The filters in steps one through four are message filters, and the filters in steps five and six are ASCII filters.
Aside from the soundness of the underlying concept, there are a number of reasons why this approach succeeded. First, the message filters we have written are
efficient. A filter that copies every message individually takes 77 seconds elapsed time to read a 256 Megabyte file on my workstation. A standard system I/O utility takes 73 seconds for the same task. The bottleneck in both tasks is the I/O bandwidth. Most simple filters are I/O bound like this. An exploratory analysis can thus proceed by saving only a few key intermediate results (perhaps from steps requiring more extensive processing), and repeating other intermediate operations when required.
Second, we have made message filters easy to write. To build a simple filter, it is only necessary to write a C++ function that examines a message and returns a value indicating whether it is to be output or discarded. Argument processing, a ''Standard I/O" library, and a support library are provided for the more adventurous. I was both amused and disturbed that in some ways this puts us where we were over 20 years ago with the analysis of small and medium-sized datasets, namely writing one-of-a-kind programs with the help of a large subroutine library. Fortunately, programming tools have improved over the last 20 years, and the one-of-a-kind programs can be connected together.
Third, message filters are easily connected to perform complex processing tasks. This is easily done by combining filter programs, as in the example above. It is also easy to manipulate filters as objects in C++ code when considerations of convenience or efficiency dictate. Filters are implemented as C++ classes derived from a single base class. The interface inherited from the base class is small, and defaults are provided for all functionality. Support is also provided for lists of filters, and for simple Boolean operations like inversion and disjunction.
The analyses we perform on our data are intended for a wide audience whose members have different needs and very different views of the network. They include:
- Network planners, who are interested in traffic trends over months or years. The network nodes themselves provide gross traffic data. Network monitoring can provide more detail, such as traffic counts for source-destination pairs.
- Network operations personnel, who are interested in anomalies such as might be found in a set of daily source-destination pair counts. (See Duffy et al. (1993) Section 3.3)
- Traffic engineers, who are interested in building models for traffic. The intent here is to evaluate buffer management policies and other issues affected by the randomness of traffic. Data can help validate models, though there are some pitfalls, as we shall see.
- Analysts interested in anomalies in subscriber calling patterns.
- Testers, who are interested in protocol errors, and do not care about the data from the 99.99% of the time that the test network worked correctly.

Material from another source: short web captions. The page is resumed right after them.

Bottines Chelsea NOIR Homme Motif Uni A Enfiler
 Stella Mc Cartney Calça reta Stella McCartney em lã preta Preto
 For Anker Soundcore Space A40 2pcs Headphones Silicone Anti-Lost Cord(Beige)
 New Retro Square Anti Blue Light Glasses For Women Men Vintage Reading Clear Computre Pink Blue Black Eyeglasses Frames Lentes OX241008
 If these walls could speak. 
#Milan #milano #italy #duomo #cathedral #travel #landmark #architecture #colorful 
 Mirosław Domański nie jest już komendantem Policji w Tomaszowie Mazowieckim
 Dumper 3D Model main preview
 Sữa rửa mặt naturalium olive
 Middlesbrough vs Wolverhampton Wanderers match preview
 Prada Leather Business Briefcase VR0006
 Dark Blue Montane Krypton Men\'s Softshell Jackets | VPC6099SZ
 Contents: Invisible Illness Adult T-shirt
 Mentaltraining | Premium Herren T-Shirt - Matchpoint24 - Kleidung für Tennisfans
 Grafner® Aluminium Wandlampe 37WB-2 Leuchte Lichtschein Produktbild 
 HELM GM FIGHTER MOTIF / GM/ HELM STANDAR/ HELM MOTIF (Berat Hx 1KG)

To satisfy these needs, we must provide tools to explore both trends and exceptions in our data at differing levels of detail. Our filter building blocks allow us to design software tools to fit each application. Because the applications share a common infrastructure, the programming effort required is not large.
A 256 megabyte dataset contains the details of more telephone calls than there are pixels on my workstation screen, and nearly as many messages as there are dots on an 8.5 by 11 piece of paper at 300 dots per inch. Good visualization tools must therefore be able to avoid burying important details in a blob of ink. Even drawing the blob can be prohibitively expensive. For example, Figure I contains 31,500 line segments, and seems to take forever to draw on an X terminal running over a modem. Figure 4 plots the same data as Figure 1, but reduces it by plotting the minimum and maximum 10 second load in each 10 minute period. Peaks and valleys have been preserved, thus preserving the overall appearance of the plot, but the number of points plotted has been reduced by a factor of 30.
On the other hand, smoothing to reduce data is not a good idea, as Figure 5 illustrates. The upper and lower jagged lines are respectively the maximum and minimum 5-second loads in each one minute period. The smooth line in the middle misses the main feature of the plot completely.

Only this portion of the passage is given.